Christman’s argument for the non-autonomy of adaptive preferences takes a different route to Bruckner’s by interrogating them on the basis of an authenticity condition. Christman argues that the problem can be pinned to the agent’s alienation from an operative practical identity. [8] The appeal of this account is the scenarios it excludes: when one agent alters her preferences to cope with the misfortune of circumstances such as a disabling accident, and another refuses to relinquish hers under oppressive conditions, the preferences can be understood to be autonomously held because in both cases they are formed out of the agent’s affirmation of her identity categories as reason-giving. [9] This pairing of cases outlines the stakes in allowing preferences formed in some circumstances to adapt unproblematically, while requiring others to be fully retained unadapted. Where Bruckner establishes a test for inappropriately adaptive preferences, Christman sets out what is normatively acceptable; both describe the conditions for preferences being truly the agent’s own, and thereby seek to avoid appeals to an account of the good. However, for Christman as for Bruckner, it is unclear that the authority by which the above two cases are determined autonomously-held preferences is not ultimately the ubiquitous ‘external spectator’—one who, in this approach, speaks for whether the appropriate identities are being affirmed.

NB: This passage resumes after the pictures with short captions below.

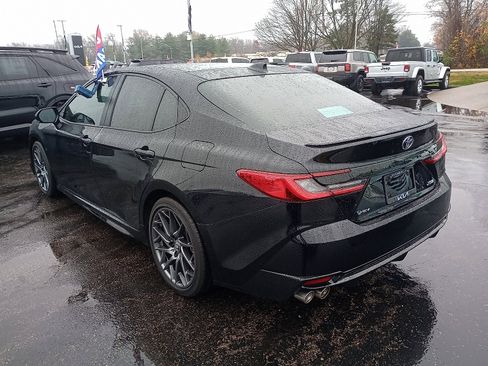 Used 2025 Toyota Camry XSE image 5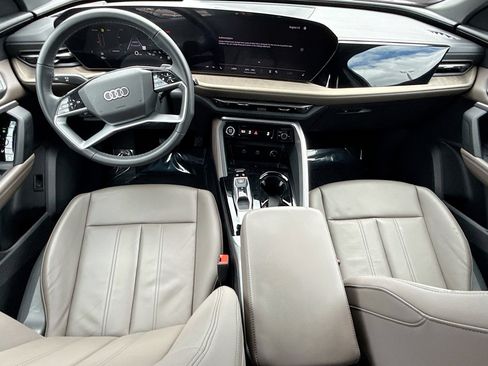 Certified 2025 Audi Q5 Premium w/ Convenience Package image 15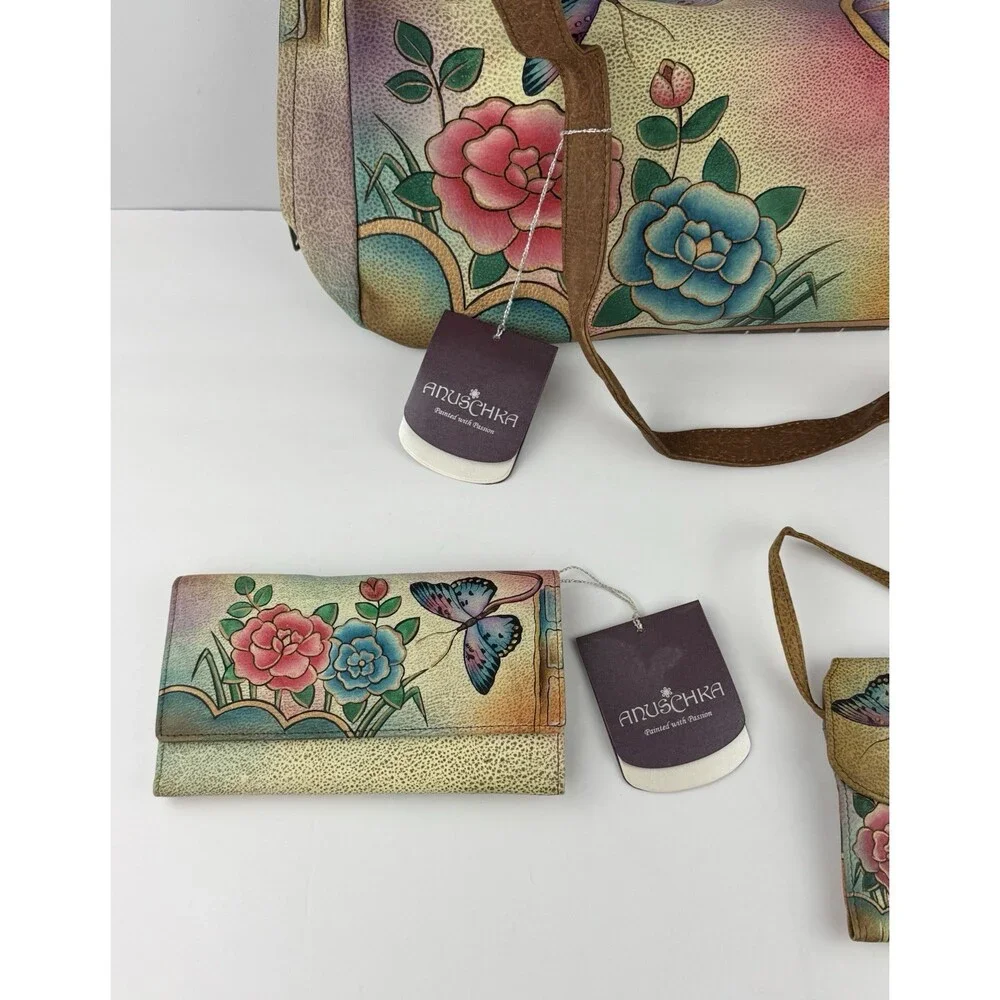 Anuschka Leather Handpainted Butterfly Floral Purse Handbag/Wristlet/Wallet NEW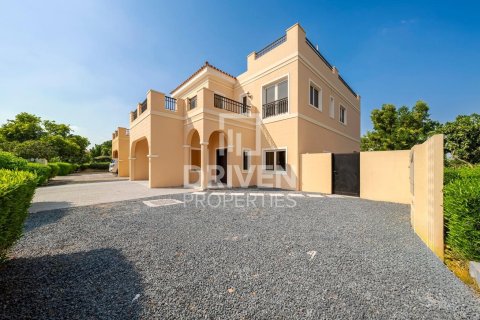 Villa de 5 dormitorios en The Villa, UAE No. 138409 26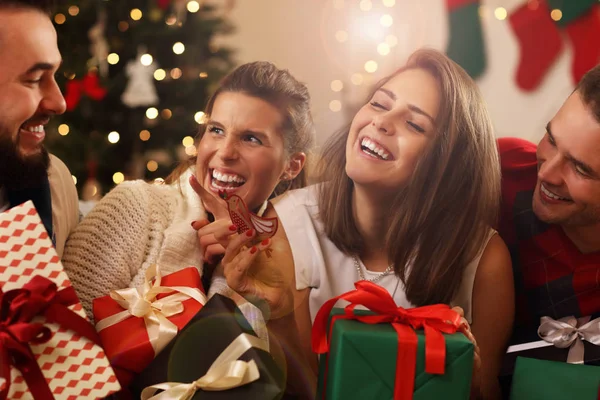 Grupo de amigos com presentes de Natal — Fotografia de Stock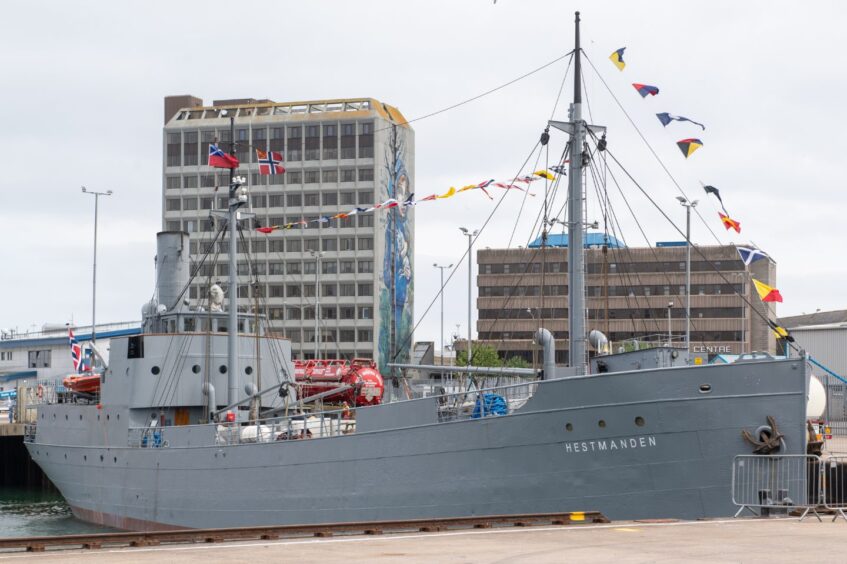 Hestmanden berthed in Aberdeen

Christman acknowledges that discerning the relevant aspects of an agent’s identity to adapting or retaining particular preferences faces a challenge of indeterminacy. [10] This concern, I believe, encapsulates two of Stoljar’s key criticisms of Christman’s approach. Stoljar firstly raises the worry, similar to the concern with Bruckner’s endorsement approach, that non-alienation could easily contribute to the motivation of an agent in accepting oppressive norms and thus functions as a shaky criterion for the normative authority of adaptive preferences. [11] The identity-affirmation approach must either appeal to a second order of acceptable motives for affirming various aspects of one’s identity, or else abdicate to the judgements of the ‘suspicious’ observer – as Christman ultimately does allow. [12] This, I would argue, is at the bottom of Stoljar’s final criticism that Christman may in fact need to import a normative framework to account for coercive influences after all. [13] It is telling that, in the concluding stages of his defence of adaptive preferences, Bruckner accommodates cases of oppression by doing just that. [14] Whether or not this secession undercuts his insights into adaptive preference formation, it certainly undermines his attempt to evade an account of the good.

Before moving to the next category of approaches, it is worth noting that one set of prominent internal-conditions positions has not been evaluated. These are theories of autonomy that posit a determinate quality—such as rational competence, or a sense of self-respect—whereby the agent’s reflective, identity-affirming, or other autonomy-implicating processes, are granted authority. [15] It will suffice to say for the moment that requiring internal processes to be characterised by a particular quality makes an appeal to the ‘good’ of that quality. I will evaluate the nature of this appeal alongside other direct appeals shortly.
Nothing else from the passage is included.